Before I start explaining myself and my hacky process, I should say that there is a Wordpress plugin for exporting to Jekyll. It might work amazingly well, automatically doing everything I needed it to and more. I say ‘might’ because I genuinely don’t know; I didn’t get a chance to try it, which I’ll blame on the outdated PHP (5.3) that the WP server was running. (The plugin requires >= 5.5).

So, if you’re like me and can’t get the plugin to work (for whatever your reason might be), you’re going to need a Plan B. Depending on the relative size and complexity of your Wordpress site, I can all but guarantee it will be messy and a bit painful getting your WP data over into a new Jekyll site. But while I don’t have a turnkey solution to offer you (this is the alternate route, after all!), I can at least offer the guidance and a few warnings that I wish I’d had ahead of time myself.


The roadmap:

1-2 — A Wordpress plugin spits out a .csv
3 — You transform it into a clean/usable .csv using OpenRefine
4-5 — A Jekyll plugin generates new .markdown pages from the .csv

Roadmap explained, with gotchas:

1. Install and activate this CSV/XML Export plugin on your WP site.

The free version gets you everything you need except for user export. (This wasn’t particularly important for me, so I kept it cheap and simple.)

2. Export the what you need, how you need it as CSV(s).

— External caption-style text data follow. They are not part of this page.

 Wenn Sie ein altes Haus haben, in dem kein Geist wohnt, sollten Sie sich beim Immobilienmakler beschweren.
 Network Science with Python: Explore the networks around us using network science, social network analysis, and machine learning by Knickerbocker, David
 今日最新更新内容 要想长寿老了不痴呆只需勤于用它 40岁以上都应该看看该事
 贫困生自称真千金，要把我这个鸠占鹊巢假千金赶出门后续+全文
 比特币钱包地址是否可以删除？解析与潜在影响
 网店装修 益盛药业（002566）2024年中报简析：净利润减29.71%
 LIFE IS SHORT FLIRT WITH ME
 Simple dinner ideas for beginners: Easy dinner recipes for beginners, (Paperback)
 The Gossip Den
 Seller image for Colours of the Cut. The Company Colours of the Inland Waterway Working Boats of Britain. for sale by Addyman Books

In my case, I’ve been working with Columbia’s Developing Librarian Project site Breaking the Code , which is a very straightforward Wordpress blog. As such, I only really cared about grabbing data about the pages (with the title, content, and image filenames) and posts (with title, slug, author, date, categories, tags, content, and image filenames). The UI for the CSV export plugin is incredibly intuitive and drag-and-drop, so you can pick which files and values matter most to you. Feel encouraged to uninstall the plugin when you’re done, to avoid unnecessary WP bloat.

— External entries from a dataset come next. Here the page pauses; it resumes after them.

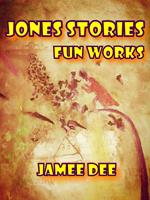 Jones Stories Fun Works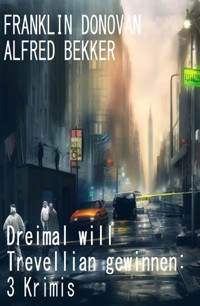 Dreimal will Trevellian gewinnen: 3 Krimis - Alfred Bekker - E-Book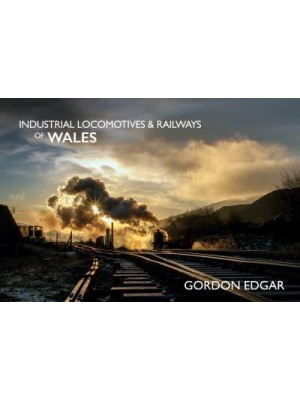 Industrial Locomotives & Railways of Wales - Industrial Locomotives & Railways of ...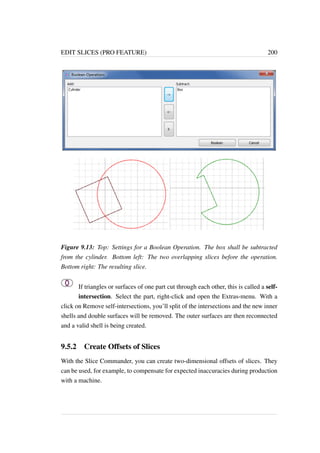 EDIT SLICES (PRO FEATURE) 200 
Figure 9.13: Top: Settings for a Boolean Operation. The box shall be subtracted 
from the cylinder. Bottom left: The two overlapping slices before the operation. 
Bottom right: The resulting slice. 
If triangles or surfaces of one part cut through each other, this is called a self-intersection. 
Select the part, right-click and open the Extras-menu. With a 
click on Remove self-intersections, you’ll split of the intersections and the new inner 
shells and double surfaces will be removed. The outer surfaces are then reconnected 
and a valid shell is being created. 
9.5.2 Create Offsets of Slices 
With the Slice Commander, you can create two-dimensional offsets of slices. They 
can be used, for example, to compensate for expected inaccuracies during production 
with a machine. 
 
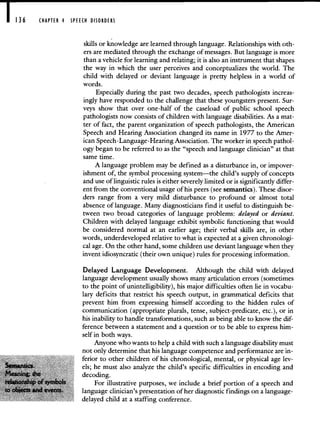 CHAPTER 4 SPEECH DISORDERS
skills or knowledge are learned through language. Relationships with oth-
ers are mediated through the exchange of messages. But language is more
than a vehicle for learning and relating; it is also an instrument that shapes
the way in which the user perceives and conceptualizes the world. The
child with delayed or deviant language is pretty helpless in a world of
words.
Especially during the past two decades, speech pathologists increas-
ingly have responded to the challenge that these youngsters present. Sur-
veys show that over one-half of the caseload of public school speech
pathologists now consists of children with language disabilities. As a mat-
ter of fact, the parent organization of speech pathologists, the American
Speech and Hearing Association changed its name in 1977 to the Amer-
ican Speech-Language-Hearing Association. The worker in speech pathol-
ogy began to be referred to as the "speech and language clinician" at that
same time.
A language problem may be defined as a disturbance in, or impover-
ishment of, the symbol processing system—the child's supply of concepts
and use of linguistic rules is either severely limited or is significantiy differ-
ent from the conventional usage of his peers (see semantics). These disor-
ders range from a very mild disturbance to profound or almost total
absence of language. Many diagnosticians find it useful to distinguish be-
tween two broad categories of language problems: delayed or deviant.
Children with delayed language exhibit symbolic functioning that would
be considered normal at an earlier age; their verbal skills are, in other
words, underdeveloped relative to what is expected at a given chronologi-
cal age. On the other hand, some children use deviant language when they
invent idiosyncratic (their own unique) rules for processing information.
Delayed Language Development, Although the child with delayed
language development usually shows many articulation errors (sometimes
to the point of unintelligibility), his major difficulties often lie in vocabu-
lary deficits that restrict his speech output, in grammatical deficits that
prevent him from expressing himself according to the hidden rules of
communication (appropriate plurals, tense, subject-predicate, etc.), or in
his inability to handle transformations, such as being able to know the dif-
ference between a statement and a question or to be able to express him-
self in both ways.
Anyone who wants to help a child with such a language disability must
not only determine that his language competence and performance are in-
ferior to other children of his chronological, mental, or physical age lev-
els; he must also analyze the child's specific difficulties in encoding and
decoding.
For illustrative purposes, we include a brief portion of a speech and
language clinician's presentation of her diagnostic findings on a language-
delayed child at a staffing conference.
 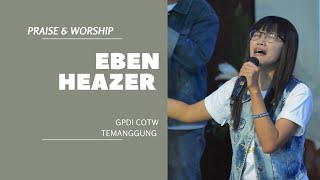 EBEN HEAZER - LAGU PANTEKOSTA - KALAU KAMI ADA SAMPAI HARI INI - Ibadah Raya 1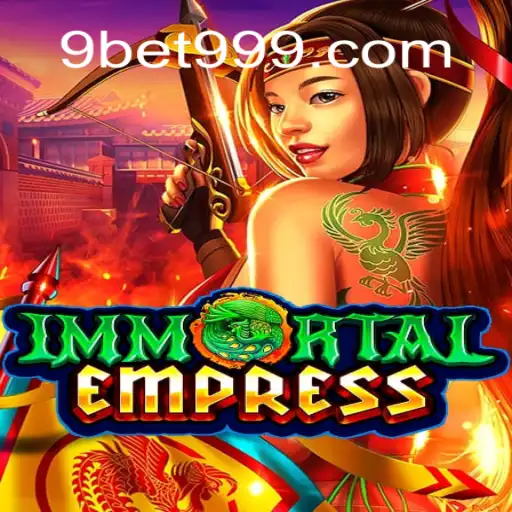 ImmortalEmpress: Mergulhe no Mundo do Jogo Revolucionário da 9bet99.net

3. Open your CSV(s) in OpenRefine.

Here’s where an ounces of prevention is really worth a pound of cure. Since we know that our data is going to be converted to YAML, and will be used by liquid templates to generate HTML pages, there are several things we can do in OpenRefine to pre-process the data and give Jekyll a better shot at parsing it (all of which I learned the hard way).

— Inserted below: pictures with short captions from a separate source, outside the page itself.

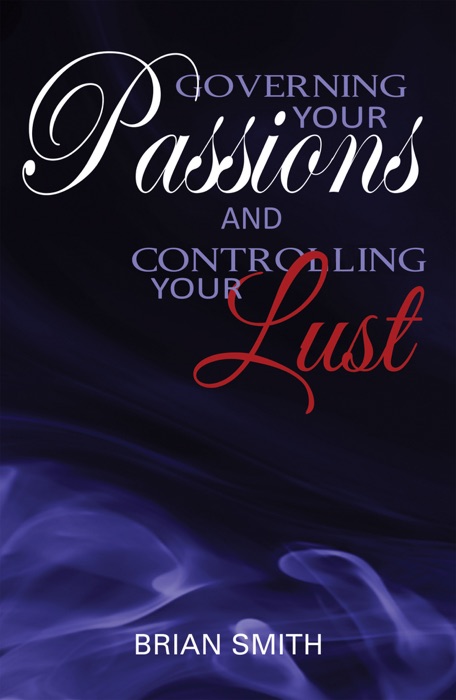 Governing Your Passions and Controlling Your Lust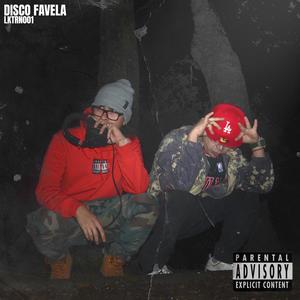 LKTRN 001 : DISCO FAVELA (feat. El Golden elde Oro) (Explicit)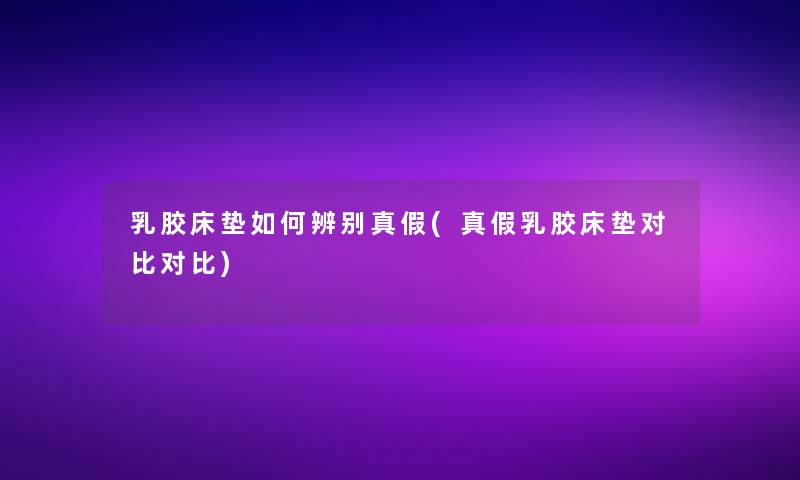 乳胶床垫如何辨别真假(真假乳胶床垫对比对比)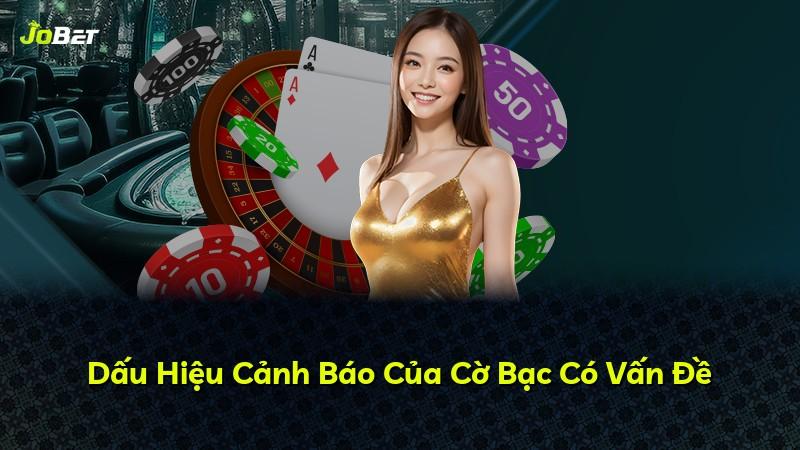 Dấu Hiệu Cảnh Báo Của Cờ Bạc Có Vấn Đề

I. First off, we need to rename our headers. There are two key rules for renaming:

II. Speaking of date… if you are going to use the default key name, Jekyll is going to want a very specific kind of date format for its posts, namely: YYYY-MM-DD HH:MM:SS +/-TTTT. The time is optional so let’s stick with YYYY-MM-DD. This is slightly different from the format the CSV export gives you(YYYMMDD, with no hyphens), so we’ll need to change it in OpenRefine.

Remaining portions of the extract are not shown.